FEDERAL COURT OF AUSTRALIA
Sydney Medical Service Co-operative Limited v Lakemba Medical Services Pty Ltd (No 3) [2016] FCA 1367
ORDERS
SYDNEY MEDICAL SERVICE CO-OPERATIVE LIMITED Applicant | ||
AND: | LAKEMBA MEDICAL SERVICES PTY LTD Respondent | |
DATE OF ORDER: |
THE COURT ORDERS THAT:
1. The Interlocutory Application filed on 25 October 2016 is dismissed.
2. The Applicant in that Interlocutory Application, Lakemba Medical Services Pty Ltd, is to pay the costs of Sydney Medical Service Co-operative Limited.
Note: Entry of orders is dealt with in Rule 39.32 of the Federal Court Rules 2011.
1 On 29 June 2016 judgment was published in this matter in favour of the Applicant, Sydney Medical Service Co-operative Limited (“Sydney Medical Service”). Orders were then made, including orders restraining the Respondent, Lakemba Medical Services Pty Ltd (“Lakemba Medical Services”) from engaging in specified conduct: Sydney Medical Service Co-operative Ltd v Lakemba Medical Services Pty Ltd [2016] FCA 763.
2 Sydney Medical Service thereafter alleged that there had been non-compliance with those orders and filed an Interlocutory Application on 18 August 2016 alleging that Lakemba Medical Services was guilty of contempt. Orders were made in that Interlocutory Application on 6 October 2016, including an Order for the payment of a fine of $30,000 within 14 days: Sydney Medical Service Co-operative Ltd v Lakemba Medical Services Pty Ltd (No 2) [2016] FCA 1188. Orders were also made for the payment of a daily fine. There has been no appeal from that decision.
3 The sum of $30,000 has not been paid. On 25 October 2016 an Interlocutory Application was filed by Lakemba Medical Services seeking a variation of the Order so as to permit the payment of the fine by way of instalments of $1,000 per month. The Application was dated 20 October 2016 but was filed five days later – namely at a point of time when the fine should have been paid. That Application first came before the Court on 1 and 2 November 2016. Then before the Court was an affidavit of Dr Mukhtar Sayid. The proceeding was adjourned to 9 November 2016 in order to permit Lakemba Medical Services a further opportunity to file evidence in support of its Interlocutory Application. Deficiencies in the evidence previously sought to be relied upon were brought to the attention of the solicitor appearing for Lakemba Medical Services on each of those occasions.

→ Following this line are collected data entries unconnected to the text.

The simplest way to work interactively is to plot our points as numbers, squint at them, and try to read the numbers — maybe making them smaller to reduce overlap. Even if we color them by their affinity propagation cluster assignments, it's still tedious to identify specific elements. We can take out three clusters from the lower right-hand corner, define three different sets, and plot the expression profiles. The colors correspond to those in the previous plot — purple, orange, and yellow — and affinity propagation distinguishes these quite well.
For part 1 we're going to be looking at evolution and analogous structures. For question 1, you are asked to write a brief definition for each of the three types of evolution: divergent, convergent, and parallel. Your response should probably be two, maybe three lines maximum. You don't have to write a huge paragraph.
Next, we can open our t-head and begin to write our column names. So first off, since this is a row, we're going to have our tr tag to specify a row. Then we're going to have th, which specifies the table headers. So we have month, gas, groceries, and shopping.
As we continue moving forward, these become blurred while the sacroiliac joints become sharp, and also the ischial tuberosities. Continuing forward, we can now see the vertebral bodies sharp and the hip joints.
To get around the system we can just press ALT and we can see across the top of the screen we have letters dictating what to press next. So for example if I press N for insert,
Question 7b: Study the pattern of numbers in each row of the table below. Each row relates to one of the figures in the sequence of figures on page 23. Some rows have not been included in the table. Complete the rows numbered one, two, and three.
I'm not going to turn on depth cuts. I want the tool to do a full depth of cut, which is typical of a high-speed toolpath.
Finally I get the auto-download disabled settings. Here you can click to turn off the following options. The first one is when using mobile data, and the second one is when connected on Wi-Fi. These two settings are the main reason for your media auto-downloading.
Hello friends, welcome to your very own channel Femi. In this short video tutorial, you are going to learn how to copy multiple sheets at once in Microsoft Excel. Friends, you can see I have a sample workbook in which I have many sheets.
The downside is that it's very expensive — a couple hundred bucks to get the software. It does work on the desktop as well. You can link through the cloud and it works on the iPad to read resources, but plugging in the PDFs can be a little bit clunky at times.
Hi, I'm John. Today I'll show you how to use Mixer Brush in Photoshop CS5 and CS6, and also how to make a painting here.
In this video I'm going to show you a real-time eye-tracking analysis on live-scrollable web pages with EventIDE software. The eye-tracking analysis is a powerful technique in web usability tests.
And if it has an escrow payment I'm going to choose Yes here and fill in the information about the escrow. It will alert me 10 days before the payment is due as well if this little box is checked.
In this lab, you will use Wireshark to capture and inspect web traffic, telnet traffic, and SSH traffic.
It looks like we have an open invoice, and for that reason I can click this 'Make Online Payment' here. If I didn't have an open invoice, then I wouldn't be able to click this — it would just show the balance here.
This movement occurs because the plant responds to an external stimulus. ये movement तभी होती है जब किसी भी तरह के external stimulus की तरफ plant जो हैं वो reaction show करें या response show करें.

4 The hearing of the Interlocutory Application came back before the Court yesterday. On that occasion a further affidavit of Dr Sayid was sought to be relied upon, notwithstanding the fact that it had not been filed and served in accordance with directions previously made. Leave was nevertheless granted to file the affidavit in Court and, after a short adjournment, the hearing proceeded. Dr Sayid was present in Court throughout the hearing and gave instructions from time to time to the solicitor appearing for Lakemba Medical Services.
5 It is respectfully concluded that there remains insufficient evidence to found a conclusion that Lakemba Medical Services is presently unable to pay the fine of $30,000 and should be granted an indulgence of paying that fine by way of instalments.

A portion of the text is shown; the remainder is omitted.